Ich war durch British Council anfang 1990 - nach der politischen Wende - aus H bei der Uni York Stipentdiat. Da erfuhren wir "Ost-Europäer" über Cost-Benefit im Ges-Wesen. Die anderen H Teilnehmer (alle Ashkhe-Nazis) kamen vor einigen Jahren politisch kurz (1 Jahr) mit den Ex-Communisten an die Macht und zerstörten das H Gesundheitswesen nicht uneigennützig. Eine von ihnen - inzwischen Uni-Docentin - erkannte dies auch an (Zwecksentfremdung von Krankenhäusern).
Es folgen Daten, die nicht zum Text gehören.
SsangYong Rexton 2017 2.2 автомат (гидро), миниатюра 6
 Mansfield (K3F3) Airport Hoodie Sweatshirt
Ich wurde als Deutscher aufgrund eines nach dt. Vorbild gemachten Beamtengesetzes gekündigt.

Die D Ärzteschaft liest nicht die Approbationsordnung, wonach Nicht-Ärzte (sogar mit Arztstudium) nicht berechtigt sind an approb. Ärzte ärztliche Weisungen zu geben: also weder Politiker, noch Ökonome, noch KV-Experten. Die Approb.Ord. ist direkt mit der Poenalbestimmung des Heilpraktikergesetzes (Kurpfuscherei) und dies mit dem StGB verbunden, sie gilt mittelbar für alle Leute, nicht nur für Mediziner und Heiler.